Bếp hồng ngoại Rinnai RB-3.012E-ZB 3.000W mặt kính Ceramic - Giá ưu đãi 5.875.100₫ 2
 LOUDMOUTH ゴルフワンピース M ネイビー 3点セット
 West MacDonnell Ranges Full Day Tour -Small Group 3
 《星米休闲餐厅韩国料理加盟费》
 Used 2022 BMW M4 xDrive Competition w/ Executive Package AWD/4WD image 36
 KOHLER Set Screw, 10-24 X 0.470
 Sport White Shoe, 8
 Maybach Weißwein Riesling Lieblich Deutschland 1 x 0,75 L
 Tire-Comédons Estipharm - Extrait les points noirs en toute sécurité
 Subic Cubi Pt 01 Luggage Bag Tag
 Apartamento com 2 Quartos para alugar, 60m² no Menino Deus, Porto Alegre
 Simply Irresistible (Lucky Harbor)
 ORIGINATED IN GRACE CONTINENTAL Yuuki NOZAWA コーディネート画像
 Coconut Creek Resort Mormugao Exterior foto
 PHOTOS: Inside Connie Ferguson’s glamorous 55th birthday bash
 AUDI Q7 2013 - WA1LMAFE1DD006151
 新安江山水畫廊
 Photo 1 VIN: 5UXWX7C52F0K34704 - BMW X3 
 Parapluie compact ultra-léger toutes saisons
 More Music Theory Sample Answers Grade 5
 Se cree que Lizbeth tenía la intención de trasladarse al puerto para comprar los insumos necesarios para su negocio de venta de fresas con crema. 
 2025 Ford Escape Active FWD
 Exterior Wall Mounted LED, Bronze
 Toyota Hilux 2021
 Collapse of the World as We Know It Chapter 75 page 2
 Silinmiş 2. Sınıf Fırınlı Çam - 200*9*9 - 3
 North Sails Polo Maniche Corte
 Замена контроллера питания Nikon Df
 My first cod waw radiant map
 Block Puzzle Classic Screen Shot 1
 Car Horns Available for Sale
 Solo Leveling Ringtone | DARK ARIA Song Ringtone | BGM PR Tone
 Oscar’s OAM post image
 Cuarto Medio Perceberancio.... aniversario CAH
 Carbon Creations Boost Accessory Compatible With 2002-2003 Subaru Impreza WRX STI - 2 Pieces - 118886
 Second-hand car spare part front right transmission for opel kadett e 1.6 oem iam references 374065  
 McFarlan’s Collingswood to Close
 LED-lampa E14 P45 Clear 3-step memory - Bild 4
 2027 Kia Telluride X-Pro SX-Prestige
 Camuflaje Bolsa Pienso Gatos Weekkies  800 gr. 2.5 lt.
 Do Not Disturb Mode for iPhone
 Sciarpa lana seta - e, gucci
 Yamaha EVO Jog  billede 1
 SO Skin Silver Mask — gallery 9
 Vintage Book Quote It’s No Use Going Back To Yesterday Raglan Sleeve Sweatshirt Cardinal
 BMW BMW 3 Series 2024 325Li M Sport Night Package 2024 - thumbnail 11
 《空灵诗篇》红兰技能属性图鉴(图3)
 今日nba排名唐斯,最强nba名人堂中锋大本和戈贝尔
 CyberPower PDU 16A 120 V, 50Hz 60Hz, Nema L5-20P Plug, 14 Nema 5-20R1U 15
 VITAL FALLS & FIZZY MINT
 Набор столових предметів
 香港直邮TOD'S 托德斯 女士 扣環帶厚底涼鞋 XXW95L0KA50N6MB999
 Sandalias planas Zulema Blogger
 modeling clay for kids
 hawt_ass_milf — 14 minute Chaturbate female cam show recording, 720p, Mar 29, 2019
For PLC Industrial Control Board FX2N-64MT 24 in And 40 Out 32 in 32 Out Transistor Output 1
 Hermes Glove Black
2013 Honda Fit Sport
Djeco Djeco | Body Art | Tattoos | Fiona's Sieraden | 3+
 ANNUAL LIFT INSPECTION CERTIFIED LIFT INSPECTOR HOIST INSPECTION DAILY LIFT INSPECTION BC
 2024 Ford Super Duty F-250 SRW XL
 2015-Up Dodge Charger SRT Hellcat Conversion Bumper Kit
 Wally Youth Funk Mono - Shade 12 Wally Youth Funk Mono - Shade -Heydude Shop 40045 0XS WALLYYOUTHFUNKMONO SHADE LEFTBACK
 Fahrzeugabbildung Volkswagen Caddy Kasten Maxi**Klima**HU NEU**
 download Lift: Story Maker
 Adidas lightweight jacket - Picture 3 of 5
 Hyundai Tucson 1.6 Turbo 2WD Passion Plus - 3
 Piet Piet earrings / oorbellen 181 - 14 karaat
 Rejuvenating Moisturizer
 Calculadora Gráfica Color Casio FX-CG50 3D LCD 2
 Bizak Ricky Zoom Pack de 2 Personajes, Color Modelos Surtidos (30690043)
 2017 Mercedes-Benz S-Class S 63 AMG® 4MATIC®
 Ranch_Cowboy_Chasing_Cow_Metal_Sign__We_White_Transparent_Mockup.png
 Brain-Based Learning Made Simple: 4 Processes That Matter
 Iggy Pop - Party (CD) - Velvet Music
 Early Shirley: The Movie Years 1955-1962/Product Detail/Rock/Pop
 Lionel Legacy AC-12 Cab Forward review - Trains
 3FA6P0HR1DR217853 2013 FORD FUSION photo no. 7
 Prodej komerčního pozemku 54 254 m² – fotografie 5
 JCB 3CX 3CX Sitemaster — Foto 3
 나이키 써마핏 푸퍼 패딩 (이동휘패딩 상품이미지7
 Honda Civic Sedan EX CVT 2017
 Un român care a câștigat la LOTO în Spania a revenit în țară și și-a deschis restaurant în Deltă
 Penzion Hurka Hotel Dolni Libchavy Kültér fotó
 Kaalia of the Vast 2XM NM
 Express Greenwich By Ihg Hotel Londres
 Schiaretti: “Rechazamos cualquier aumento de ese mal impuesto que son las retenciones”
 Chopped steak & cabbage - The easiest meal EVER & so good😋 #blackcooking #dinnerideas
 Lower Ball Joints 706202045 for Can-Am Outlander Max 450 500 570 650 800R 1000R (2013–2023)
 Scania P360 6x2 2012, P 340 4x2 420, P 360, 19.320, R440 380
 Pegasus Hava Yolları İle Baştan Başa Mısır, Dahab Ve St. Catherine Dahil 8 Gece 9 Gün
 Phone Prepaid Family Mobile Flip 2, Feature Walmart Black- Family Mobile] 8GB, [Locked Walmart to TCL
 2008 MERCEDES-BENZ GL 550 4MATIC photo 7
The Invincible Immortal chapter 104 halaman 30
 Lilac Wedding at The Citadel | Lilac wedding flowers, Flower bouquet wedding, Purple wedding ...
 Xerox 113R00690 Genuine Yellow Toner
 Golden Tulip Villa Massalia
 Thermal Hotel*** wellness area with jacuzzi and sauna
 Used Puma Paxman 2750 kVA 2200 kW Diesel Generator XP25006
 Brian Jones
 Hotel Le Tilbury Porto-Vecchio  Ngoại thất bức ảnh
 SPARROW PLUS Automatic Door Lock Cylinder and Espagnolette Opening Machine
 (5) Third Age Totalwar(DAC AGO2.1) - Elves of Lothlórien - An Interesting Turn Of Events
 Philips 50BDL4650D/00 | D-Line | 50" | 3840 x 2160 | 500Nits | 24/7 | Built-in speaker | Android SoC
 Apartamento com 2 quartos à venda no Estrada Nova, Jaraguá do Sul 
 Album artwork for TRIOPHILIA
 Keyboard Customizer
──────────────────────────────
# PROBLEM STATEMENT
A single number is expected: how many lines in the entries contain "Color".

# SOLUTION TO THE PROBLEM
2